The controversial British governor of the Turks and Caicos Islands, Martin Bourke, may be replaced in September as a result of pressure from the Caribbean islanders. Local politicians who went to London last week to demand his recall said yesterday they had been given to understand by the Foreign Office that he would not stay beyond September.

In a statement accusing Mr Bourke of "blatant and mischievous lies" by suggesting they had threatened him with violence, the politicians hinted a compromise had been reached whereby he would not remain beyond the minimum three-year term. He took over in 1993 with an open-ended term.

The statement, signed by the Chief Minister, Derek Taylor, and the opposition leader, Washington Misick, said: "We believe it to be in the interests of all parties, particularly Mr Bourke, that he should be allowed to leave at the earliest possible opportunity." It was implied local leaders would refuse to co-operate with him during the rest of his term.

Commenting on a Foreign Office statement that they had threatened violence, the politicians said: "Violence will not form part of this struggle. We may not be on hand to wish him farewell but we are determined that Mr Bourke should leave in good health."

Mr Bourke, 49, angered most of the 15,000 islanders earlier this year when he spoke in an interview of drug-trafficking, rising crime and corruption. The politicians said his comments would hinder badly needed investment, particularly in tourism and offshore finance. Mr Bourke also upset many when he was flown on a private jet to Miami last month for an appendicectomy rather than be operated on here.

At last week's Whitehall meeting the Foreign Office rejected demands for his recall.
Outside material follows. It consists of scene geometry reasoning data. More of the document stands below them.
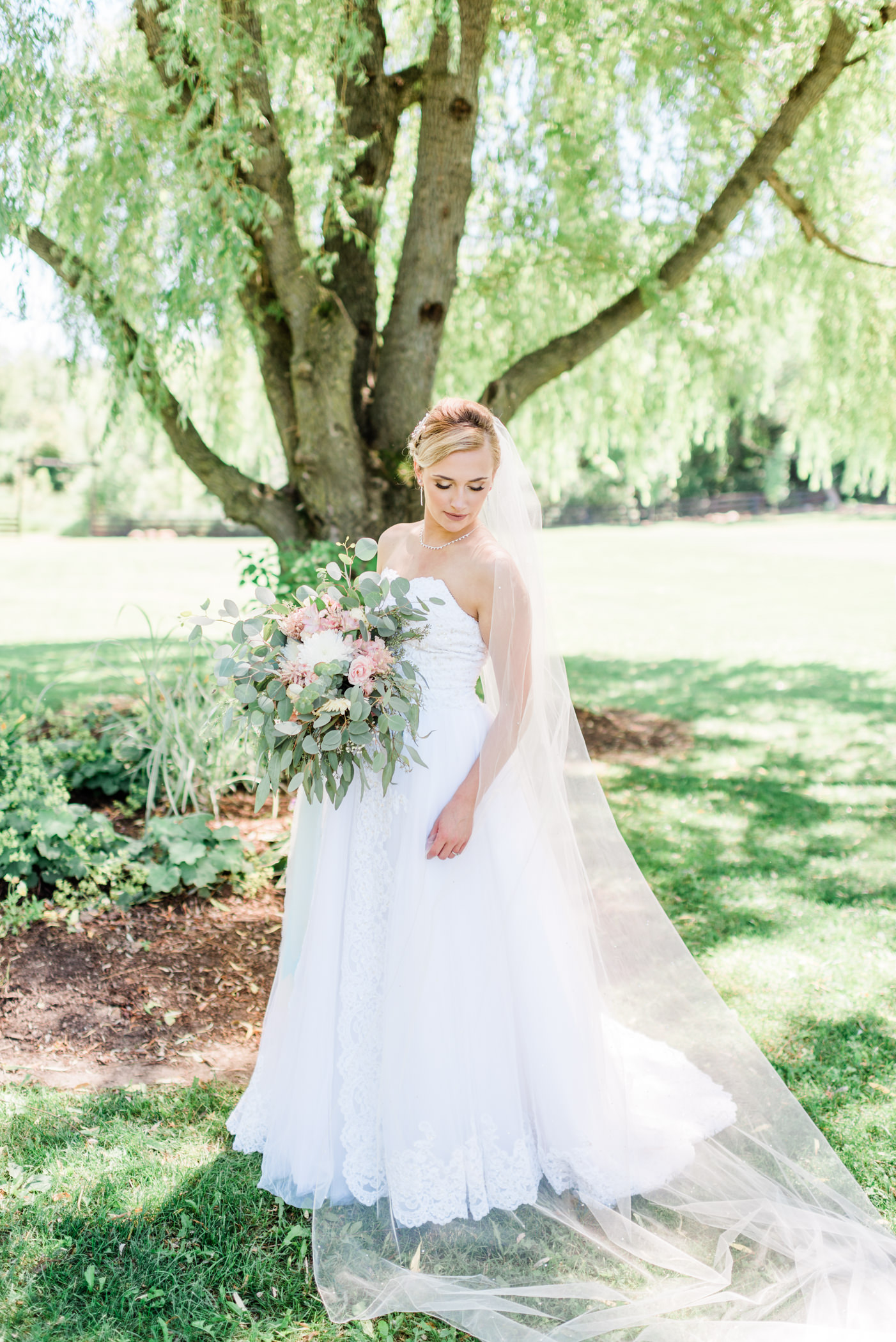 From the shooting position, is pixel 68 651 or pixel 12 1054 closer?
pixel 12 1054

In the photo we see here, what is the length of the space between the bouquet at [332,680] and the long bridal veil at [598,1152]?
292mm

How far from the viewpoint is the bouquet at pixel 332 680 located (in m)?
2.50

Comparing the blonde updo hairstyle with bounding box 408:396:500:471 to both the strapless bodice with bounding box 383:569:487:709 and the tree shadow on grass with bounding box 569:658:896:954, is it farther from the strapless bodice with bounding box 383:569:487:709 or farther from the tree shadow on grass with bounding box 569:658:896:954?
the tree shadow on grass with bounding box 569:658:896:954

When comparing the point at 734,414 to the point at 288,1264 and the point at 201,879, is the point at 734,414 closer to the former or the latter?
the point at 201,879

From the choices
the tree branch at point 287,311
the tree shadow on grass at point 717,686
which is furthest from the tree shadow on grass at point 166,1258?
the tree shadow on grass at point 717,686

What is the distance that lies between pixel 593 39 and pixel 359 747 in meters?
5.57

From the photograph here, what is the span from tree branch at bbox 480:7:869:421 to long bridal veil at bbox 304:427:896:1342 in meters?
3.87

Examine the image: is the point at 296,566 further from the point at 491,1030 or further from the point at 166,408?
the point at 491,1030

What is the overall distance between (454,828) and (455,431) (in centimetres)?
108

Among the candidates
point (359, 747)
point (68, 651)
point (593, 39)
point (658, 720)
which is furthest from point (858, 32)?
point (68, 651)

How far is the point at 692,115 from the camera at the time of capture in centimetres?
682

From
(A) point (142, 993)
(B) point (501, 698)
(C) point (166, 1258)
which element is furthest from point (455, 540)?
(A) point (142, 993)

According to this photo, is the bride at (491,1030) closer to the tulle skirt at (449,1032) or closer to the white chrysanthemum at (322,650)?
the tulle skirt at (449,1032)

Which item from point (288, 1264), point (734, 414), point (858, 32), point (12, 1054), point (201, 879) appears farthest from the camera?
point (734, 414) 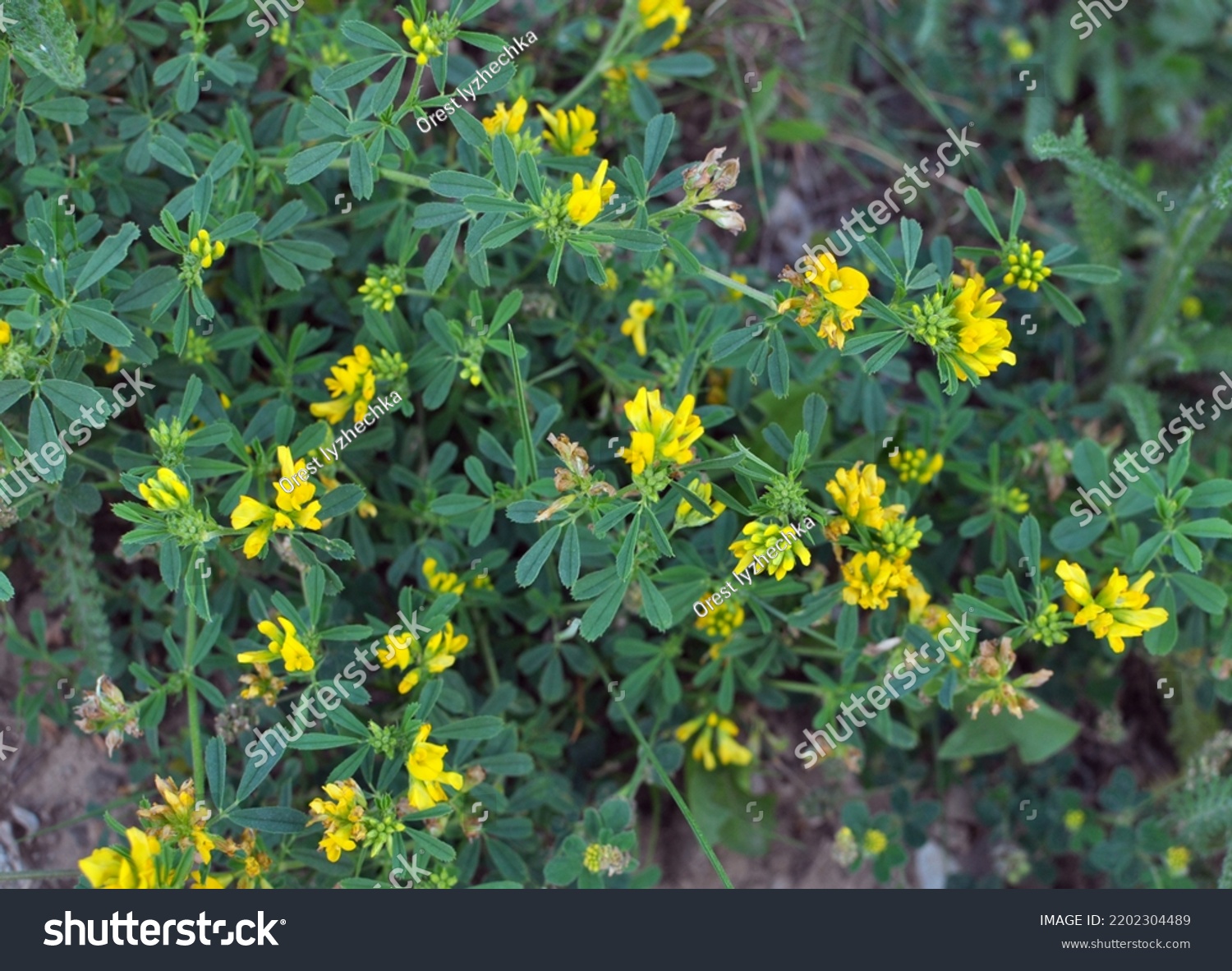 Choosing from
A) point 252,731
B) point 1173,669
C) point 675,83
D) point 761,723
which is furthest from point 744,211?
point 252,731

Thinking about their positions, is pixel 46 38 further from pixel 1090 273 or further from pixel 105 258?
pixel 1090 273

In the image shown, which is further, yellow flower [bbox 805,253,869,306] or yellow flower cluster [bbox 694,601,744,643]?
yellow flower cluster [bbox 694,601,744,643]

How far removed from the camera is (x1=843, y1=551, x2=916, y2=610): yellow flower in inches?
99.7

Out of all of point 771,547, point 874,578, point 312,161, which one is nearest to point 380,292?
point 312,161

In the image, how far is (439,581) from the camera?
9.17ft

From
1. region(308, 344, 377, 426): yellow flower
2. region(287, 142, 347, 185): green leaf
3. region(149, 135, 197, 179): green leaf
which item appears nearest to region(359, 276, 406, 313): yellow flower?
region(308, 344, 377, 426): yellow flower

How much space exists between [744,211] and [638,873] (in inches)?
91.1

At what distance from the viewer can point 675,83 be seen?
4051 mm

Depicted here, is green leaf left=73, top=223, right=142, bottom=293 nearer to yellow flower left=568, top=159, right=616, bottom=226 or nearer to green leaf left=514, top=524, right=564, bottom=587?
yellow flower left=568, top=159, right=616, bottom=226

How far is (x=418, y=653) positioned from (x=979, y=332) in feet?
4.72

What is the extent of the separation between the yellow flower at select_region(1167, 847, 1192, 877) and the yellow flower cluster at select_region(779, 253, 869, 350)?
6.48ft

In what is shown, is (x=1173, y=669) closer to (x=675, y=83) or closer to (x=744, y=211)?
(x=744, y=211)

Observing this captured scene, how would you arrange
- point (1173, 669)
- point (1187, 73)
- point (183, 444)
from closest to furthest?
→ point (183, 444) → point (1173, 669) → point (1187, 73)

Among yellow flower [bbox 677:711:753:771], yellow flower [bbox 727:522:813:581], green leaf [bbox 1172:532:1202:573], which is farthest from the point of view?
yellow flower [bbox 677:711:753:771] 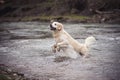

Questioned about yesterday's statement, locals said they thought a compromise under which the Governor would leave at the end of the minimum term was the only face-saving solution for both sides.

In an interview at the weekend with the Independent, Mr Bourke said he was concerned for his safety and that of his wife, Anne Marie. "Violence is not unknown here," he said. "Burning down buildings is not unknown. When you have drugs and politics, nasty things happen." Mr Bourke used to be seen regularly around Grand Turk, the island which is the seat of government, in his "limousine" - a white-painted London taxi."You'd see him from time to time in the Turk's Head bar or the Nookie Hill Club," said one resident. "But he's not venturing out much any more."

Mr Bourke, whose main duty is to take part in the weekly cabinet meeting, spent Easter trying to arrange the repatriation of 70 people from the Dominican Republic who arrived illegally last week. Growing numbers of people from the Dominican Republic and, more so, Haiti, have become the Turks and Caicos's main problem.

Officials say there may be about 6,000 illegal Haitians here, along with 5,000 legals, making the Haitian contingent almost as big as the population of natives and "belongers" (expatriates granted citizenship).

Locals blame the Haitians for much of the rise in crime, mostly burglaries. Officials say there is a Haitian mafia in the Haitian port of Cap-Haitien which charges people about $700 (pounds 460) for the trip, dropping them off in the shallow waters off the coast of the island of Providenciales and often telling them they are in Florida.